Everyone wanted toilet paper! That surprised me.
Is it rare where you guys live?
Should I be stocking up and selling it on E-Bay?
.
11 comments:
Oddly, I actually have my own collection of all those things, so I guess I will have to pass. Thanks for the offer, though.
PS. I have lots of toilet paper, too. Maybe it's a Midwest thing and they don't have anywhere else in the country.
One NEVER wants to be caught without!
It's not that TP is scarce; it's just that Janna-owned TP is a hot commodity.
All I can think of is your mention in an earlier post about colored tissue (TP and facial tissue) - why DID they stop making that?
If I wanted to buy soft pastel pink butt wipe, I think I should have that option, don't you?
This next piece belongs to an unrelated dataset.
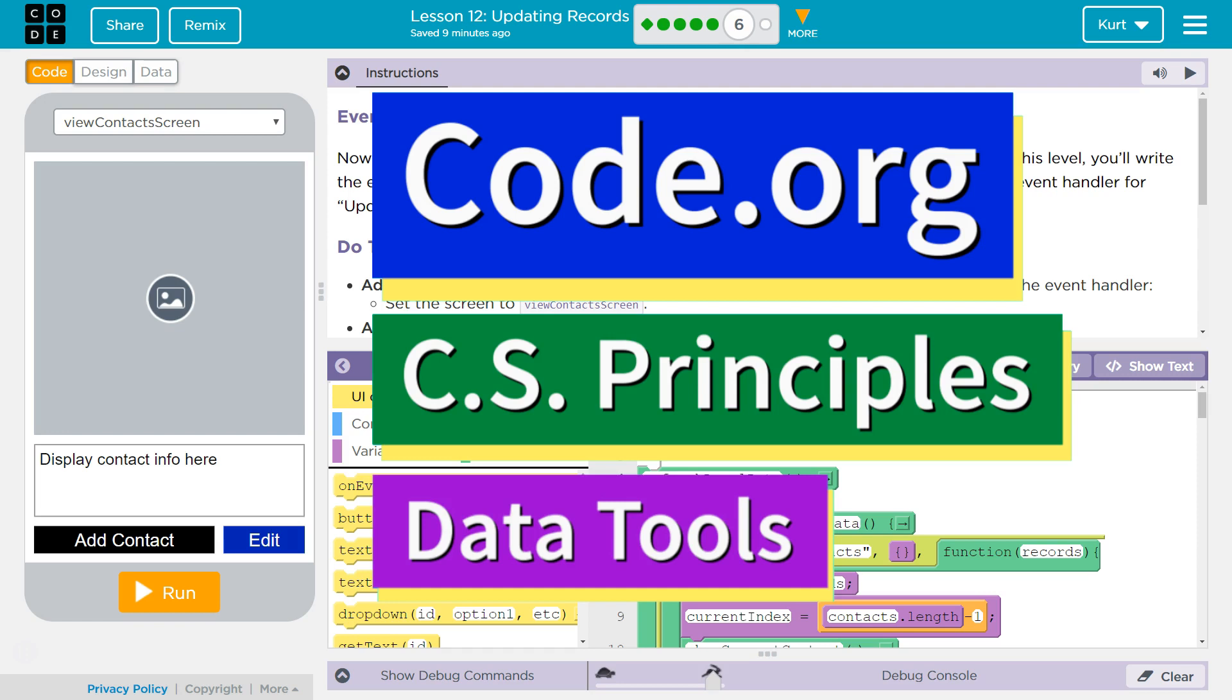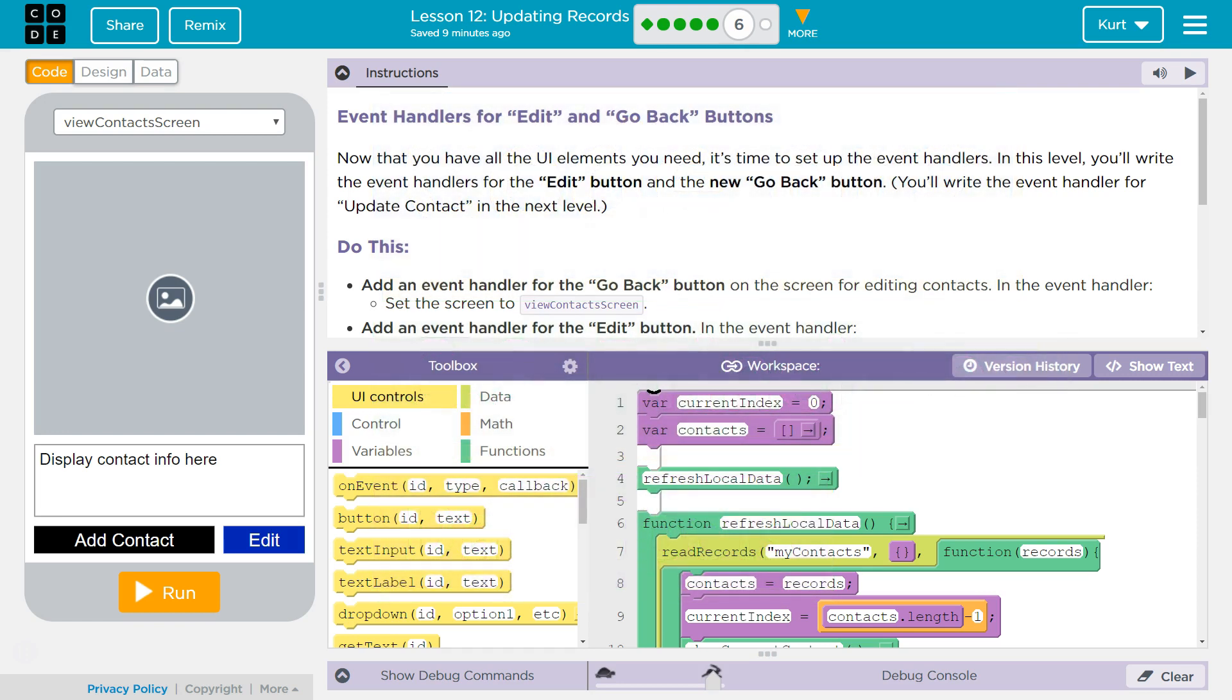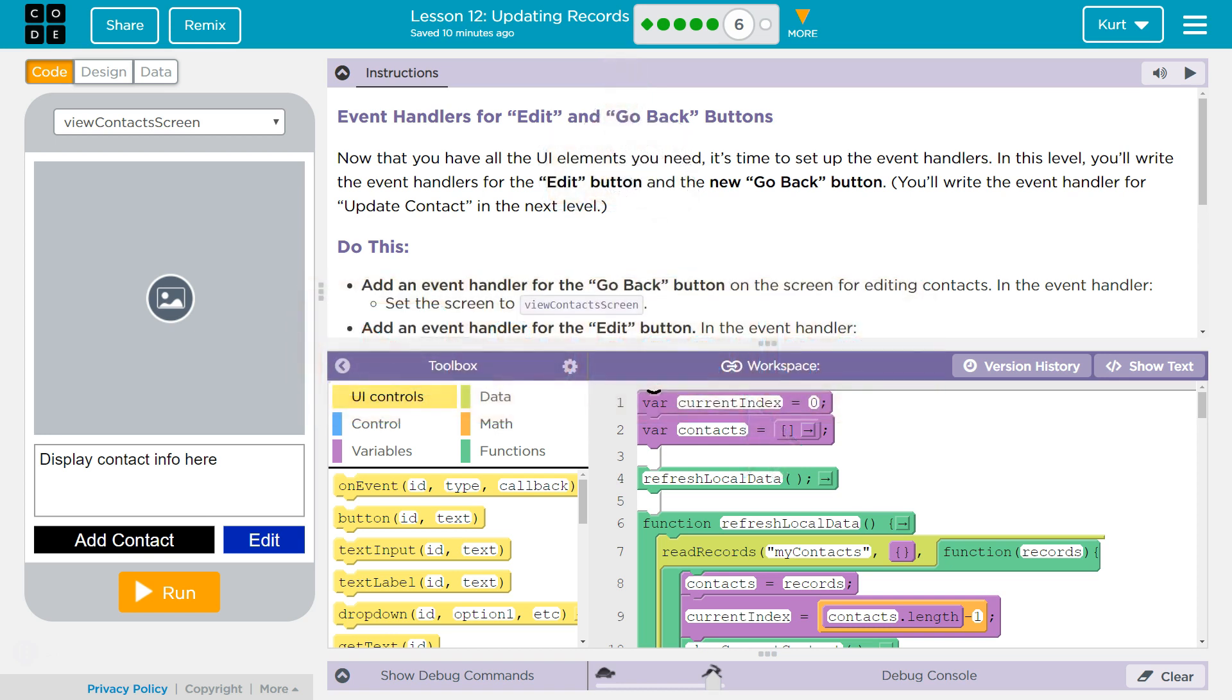This is Code.org. I'm currently working on CS Principles, their Data Tools Unit. I'm on Lesson 12, Updating Records, Puzzle 6. Event Handlers for Edit and Go Back Buttons. Now that you have all the UI elements, User Interface Elements, it's time to set up Event Handlers. In this level, you'll write the Event Handlers for the Edit button and the new Go Back Button. You'll write the Event Handler for Update Contact in the next level.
Unless they dyed the TP with FD&C Red #5 that gave cancer to lab rats... Nobody wants Lab Rat Cancer on their TP-place....
Shelli: Well, it does make good insulation...
Metalmom: Apparently not! I never really thought about it til now!
DesertSongbird: Would it be worth even more if I autographed it? Or would people still just wipe their butts with it?
Morgen: I'm pretty sure they stopped making it because a few people were complaining about the dyes. Like it irritated their delicate butts or something. I still say they should've kept making it for those of us who DO want the colors.
I hope you insured the package.
You can never have too much toilet paper.
I wanna see fab try eating colored TP for that effect he was after a while ago.
I'm surprized you didn't get more requests for boob tissue from your male stalkers... I think I'll spend this afternoon making a sculpture out of dryer lint. If it turns out well, I mght need to place an order.
Mr. Fab: Nah. I like to live dangerously.
Robin: Well, I guess if you were in a giant vat of wet toilet paper and were suffocating at the very bottom, that might qualify as "too much". Maybe. I'm not an expert on these things.
Marilyn: Mix the lint with Elmer's Glue so it will hold together better.
OIC, you already have a "Wayne" at this blog. I'll move along, then. Sorry to have troubled you.
Whall: No, wait! Come back! Come back!